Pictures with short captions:
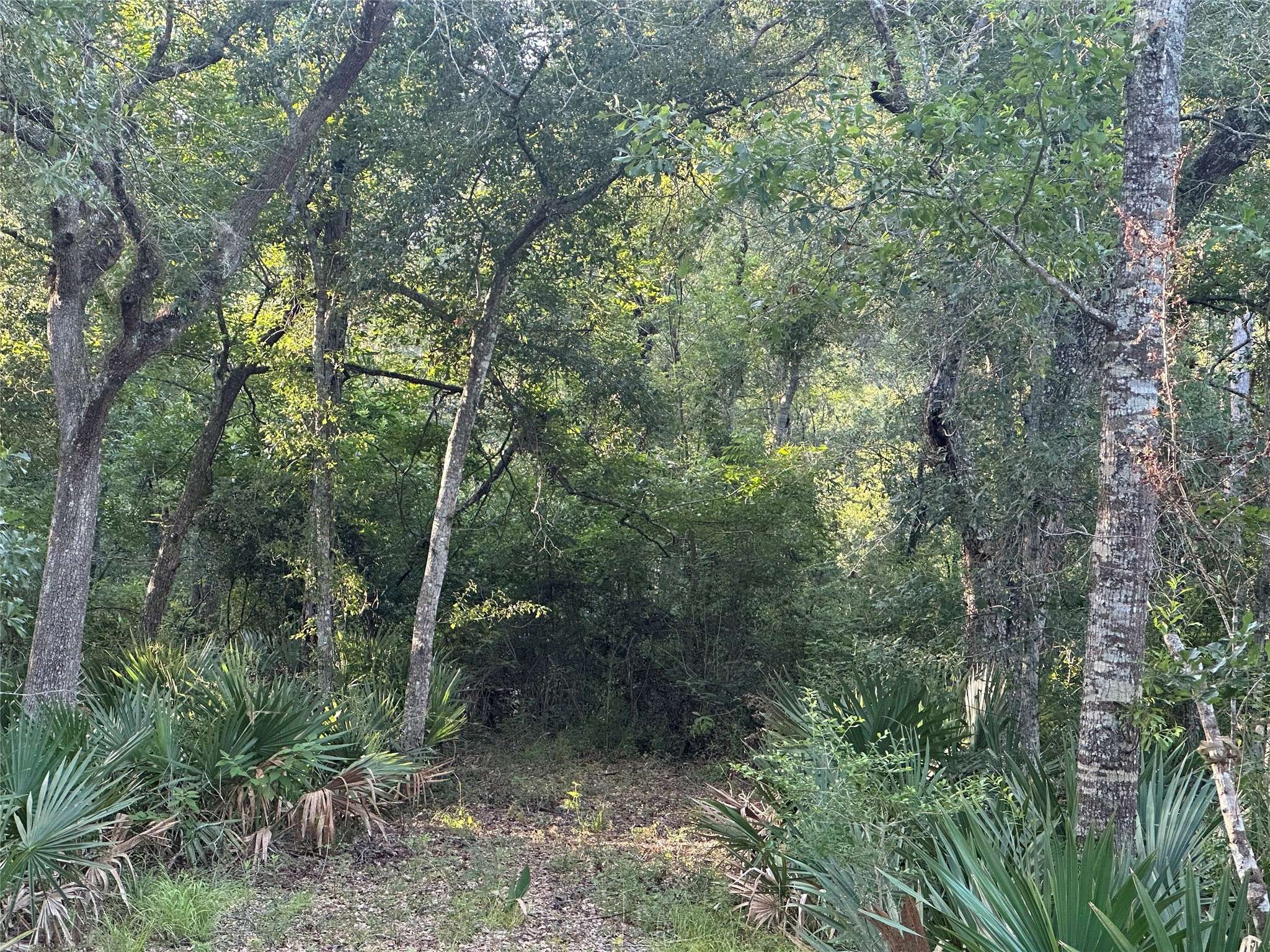 Sweeny, TX 77480,0 County Road 728C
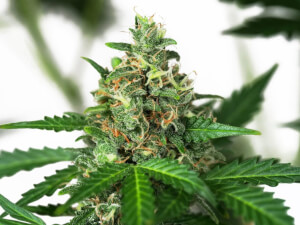 Sensi Amnesia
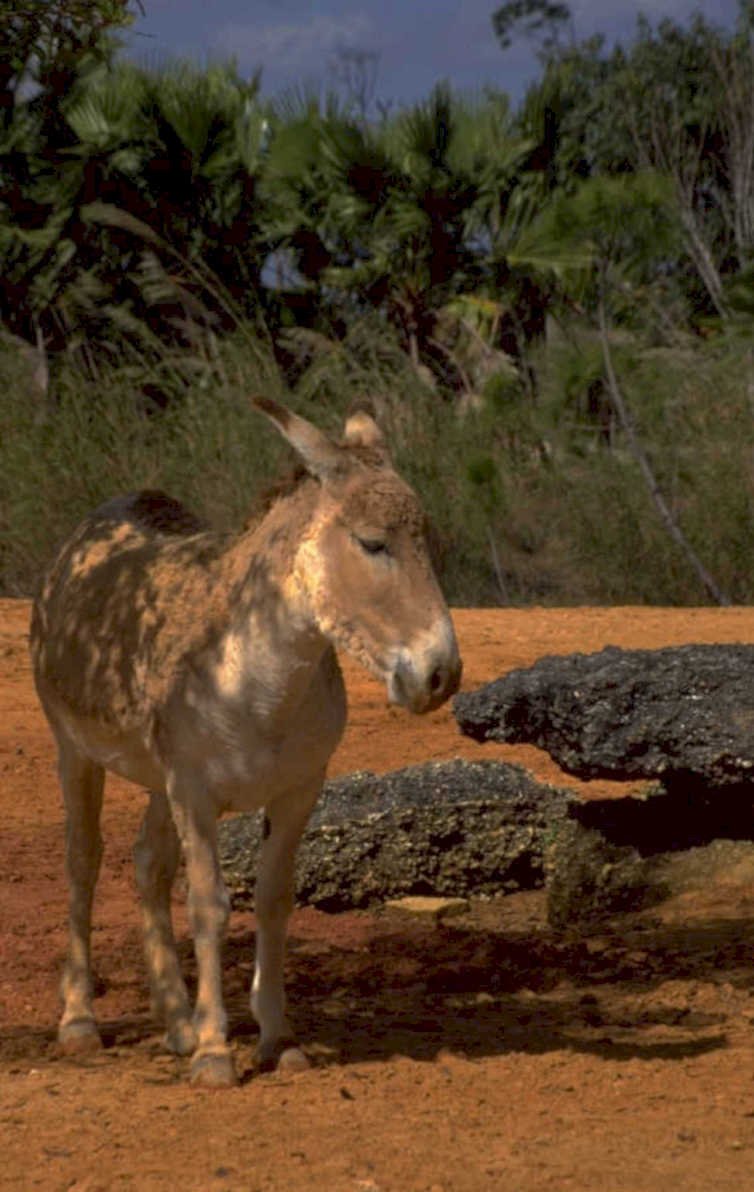 donkey landscape puerto 1980s 1990s A4 Photo Print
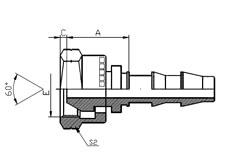 BSP Female 60° Cone Seat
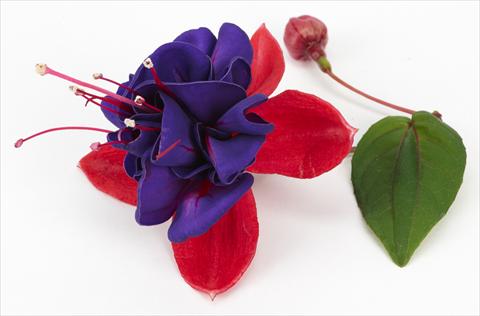 Photos von Blumenvarianten benutzt als: Topf Fuchsia ricadente Blue Eye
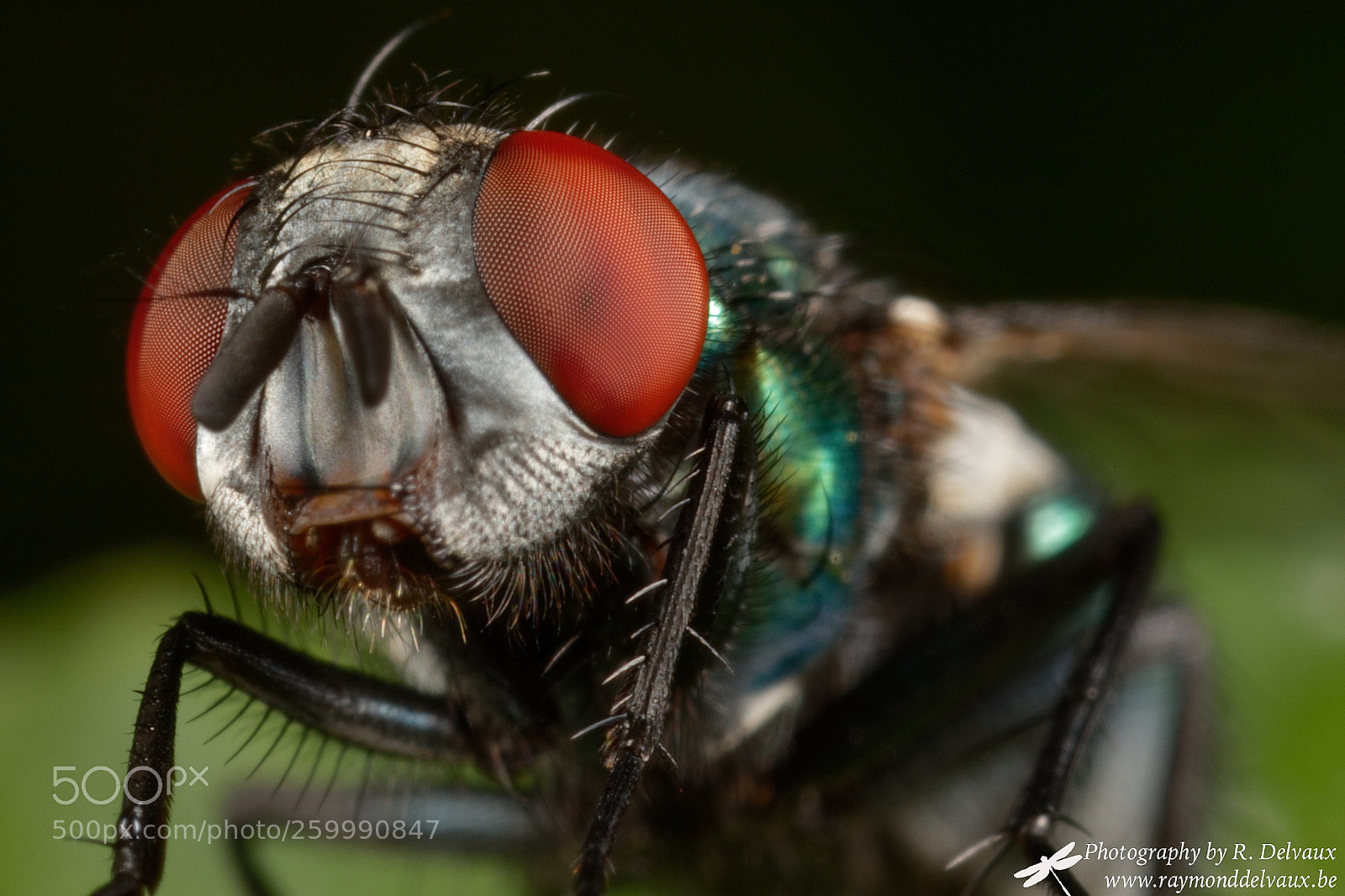 Canon EOS 7D Mark II sample photo. Just a fly photography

*WHAT THE EXERCISE ASKS*
Retype the records exactly. Any image in them should not appear in what you write.

*TASK ANSWER*
 Sweeny, TX 77480,0 County Road 728C
 Sensi Amnesia
 donkey landscape puerto 1980s 1990s A4 Photo Print
 BSP Female 60° Cone Seat
 Photos von Blumenvarianten benutzt als: Topf Fuchsia ricadente Blue Eye
 Canon EOS 7D Mark II sample photo. Just a fly photography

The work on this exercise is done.